Stewart’s Jewelry and the Hilton Garden Inn don’t compete for customers — just for parking.
The Hilton, on the corner of South Topeka Street and Douglas Avenue, dwarfs the family-owned jewelry store next door.
Customers of both businesses — and sometimes employees — compete for spaces in front of the two establishments.
“If I don’t have parking,” said David Stewart, owner of Stewart’s Jewelry, “I don’t have a business.”
The Wichita City Council has approved a plan to install new digital meters and raise parking fees downtown. The city will start charging between 75 cents and $2 per hour early next year.
Troy Anderson, Wichita’s assistant city manager, said at a City Council meeting that maintenance costs on parking lots, meters and garages have been falling behind.
The city will use the new fees to repair those and provide better parking enforcement at current sites.
The city’s parking fund has lost money for the past five years, according to The Wichita Eagle. The city expects the new meters and parking fees to turn that trend around and generate money to invest in upgrading parking.
A tale of two businesses
Stewart’s Jewelry has been in business for 44 years, all in the same building on Douglas Street. Stewart said he’s seen plenty of change and thinks the new parking plan could be a step in the right direction.
“Parking is always abused here,” Stewart said. “Guests at the hotel next door are always taking up the parking in front of us here.”
Stewart welcomes the extra enforcement from more metered parking stalls. But his parking rivals at the Hilton Garden Inn worry more about how metered parking, allowing only one or two hours in a space, will inconvenience hotel guests.
“We already have guests coming in to complain about parking tickets,” said Joanna Manalo, the hotel’s general manager. “The free parking out front allows guests an easy place to come in and out.”
But both agree on one thing: less parking could hurt their businesses.
“Nobody can have a business without customer parking,” Stewart said. “And nobody is going to walk more than a block to come to a jewelry store.”
What changes are coming to parking in downtown Wichita?
Drivers may soon struggle to find free parking downtown.
Wichita signed a contract with The Car Park to install and enforce fines at the new meters. The city will pay the Idaho-based company $12 million over six years.
The city owns about 8,000 of the around 12,000 parking spaces available downtown. Many of those spaces offer free parking. Some places, such as near the old county courthouse, use coin meters.
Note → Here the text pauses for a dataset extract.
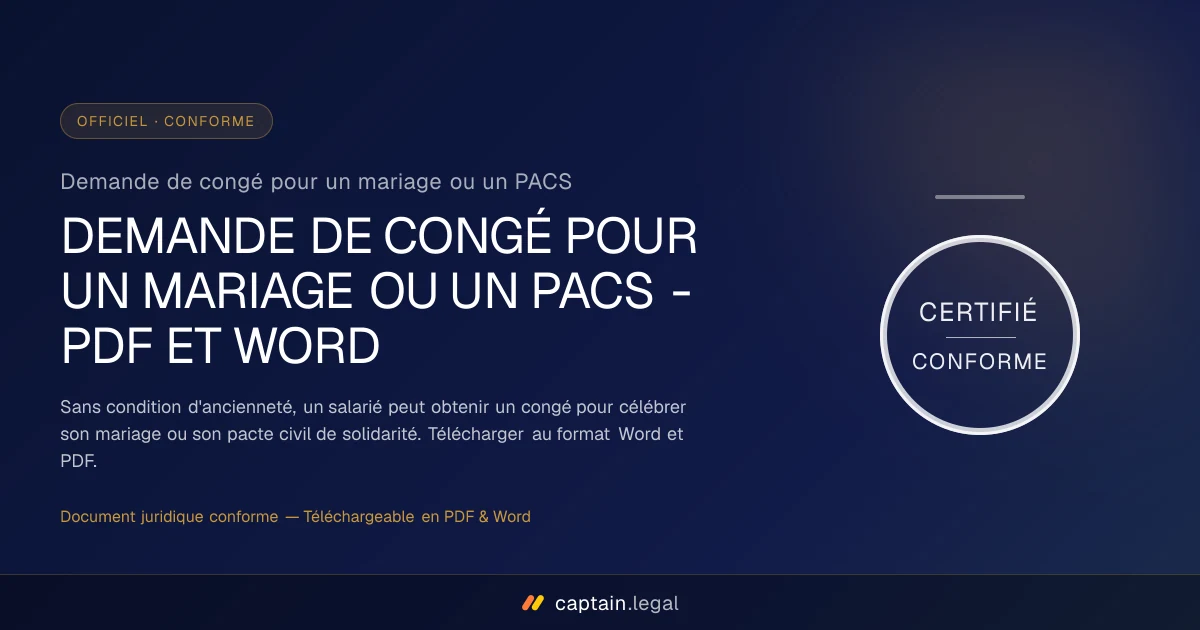 Demande de congé pour un mariage ou un PACS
Plans are underway to determine how many parking spaces downtown will be converted to paid ones.
Anderson told City Council members that The Car Park will work with city traffic engineers to determine which places need more parking control, such as where to place time limits and charge the highest fees.
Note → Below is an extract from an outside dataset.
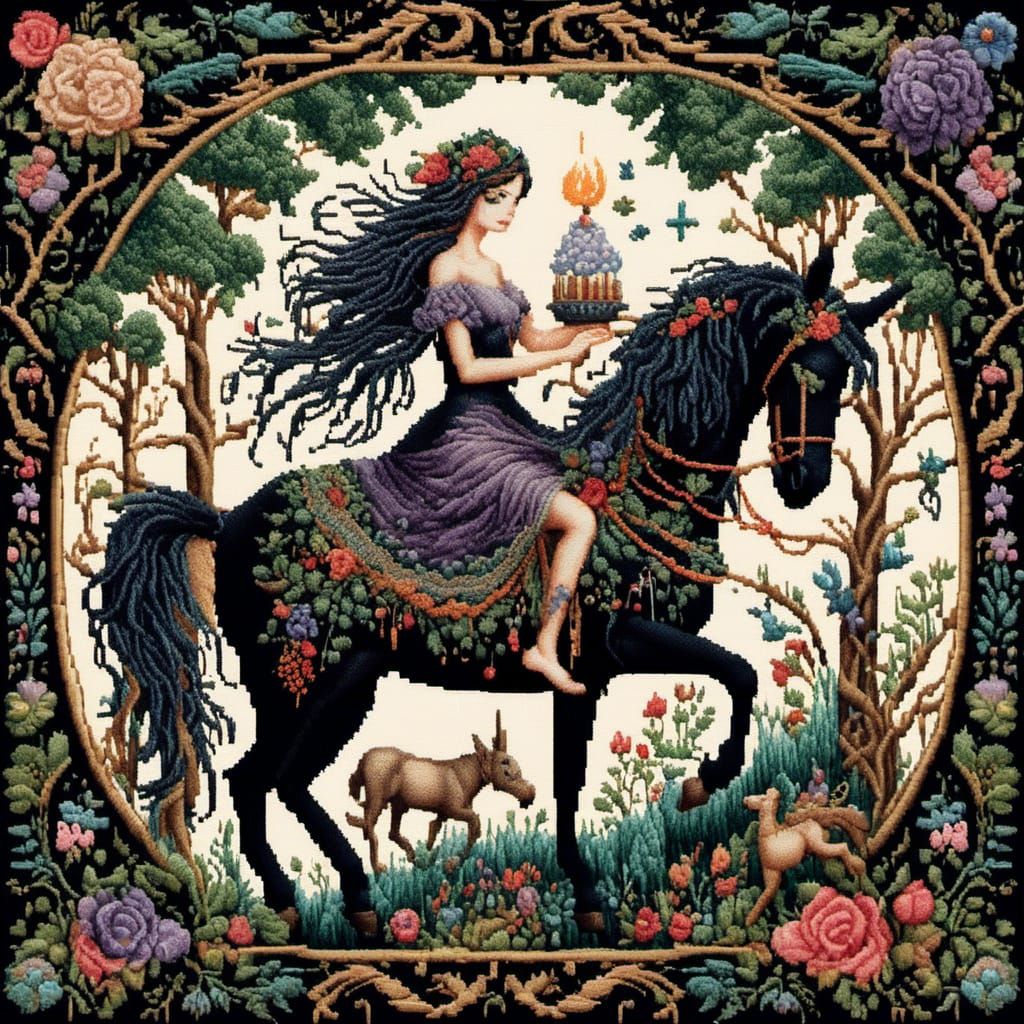<lora:Cross Stitch:1.0> whimsical antique witch and black unicorn in a magical forest Hyper realistic hyper detailed intricate Beautiful stu...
Some city-owned parking lots and garages will get payment kiosks that will take coins and work off mobile apps.
The City Council also increased parking fines from $10 to $35 earlier this year. The Car Park will have the authority to write tickets.
How will the parking meters work?
The digital curbside meters will look and work much like traditional parking meters, but they won’t leave drivers scrambling to dig up quarters and nickels. The new meters will accept coins, credit cards and payments through an app.
“Our goal is to try and improve the user experience by creating options for folks who are needing to pay,” Anderson told The Beacon.